Nella vita di tutti noi, c'è un film o un libro a cui
dobbiamo qualcosa. Chi poco, chi tanto. Il mio è Citizen
Kane. Nessun altro film mi ha colpito nel profondo come
il “Cittadino Kane”. Un colpo di fulmine, come la
scoperta del primo grande amore. È il film che insegna
che il cinema non è solo immagini o suoni ma forma espressiva
ben definita e completa. Un dispositivo perfetto, un mix di
tecnica e immaginario che s'innesta su un pensiero sterminato.
Citizen Kane è un mosaico tutto giocato sull'arte
di scoprire, sulle verità parziali, sul potere e sulla
solitudine. Uno di quei film che ti tramortisce mentre lo vedi
ma che ti costringe a una riflessione costante e mai ripetitiva
e che ad ogni ulteriore nuova visione, ti fa scoprire qualcosa
di nuovo che non avevi notato nella visione precedente, un meccanismo
esemplare che ti prende e che ti lascia solo alla fine, davanti
a “Rosabella”, quella parola che tutti nel film
cercano di interpretare e che solo lo spettatore avrà
la fortuna di comprendere fino in fondo.
I grandi film lasciano addosso un senso di prostrazione che
si accompagna a una sottile soddisfazione che ha qualcosa di
fisico, che rientra nella categoria dei piaceri non descrivibili.

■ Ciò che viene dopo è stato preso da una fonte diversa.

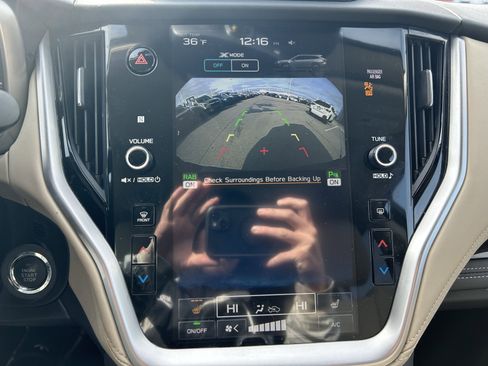 Certified 2024 Subaru Outback Limited w/ Popular Package #2 image 18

Non c'è solo la vicenda, la trama avvincente, l'immagine
rivoluzionaria e un montaggio aggressivo come mai prima avevo
incontrato. C'è anche una straordinaria presenza di attori
che in qualche modo alzano progressivamente, con il loro lavoro,
il livello del film. Orson Welles, con questo suo primo film,
dimostrò la sua straordinaria capacità di direzione
degli attori, costruendo caratteri, sentimenti, sguardi, passioni,
gioie e dolori in un modo così autentico e credibile
che non si era mai visto fare al cinema. Che dire poi della
tecnica. Lo stile in Welles diventa segno indelebile di un'idea
di cinema, di un immaginario allucinato che trasporta lo spettatore
nel mondo da lui creato. Lì deve stare e lì deve
provare a comprendere. La raffinatezza delle scene, la composizione
delle inquadrature, l'uso della luce. La fotografia, di Greg
Toland, non era più semplice arredo visivo ma parte integrante
della storia e traccia marcata attraverso cui seguire lo sviluppo
della vicenda Kane.
Per la prima volta scoprivo, incantato, che la luce poteva raccontare
e svelare molto più delle parole. Che aveva una forza
evocativa e narrativa sorprendente. Con la luce si poteva creare
ambienti, personaggi, situazioni, definire luoghi e personaggi,
portare il film verso territori dove lo spettatore si sarebbe
trovato spiazzato ma al contempo incantato.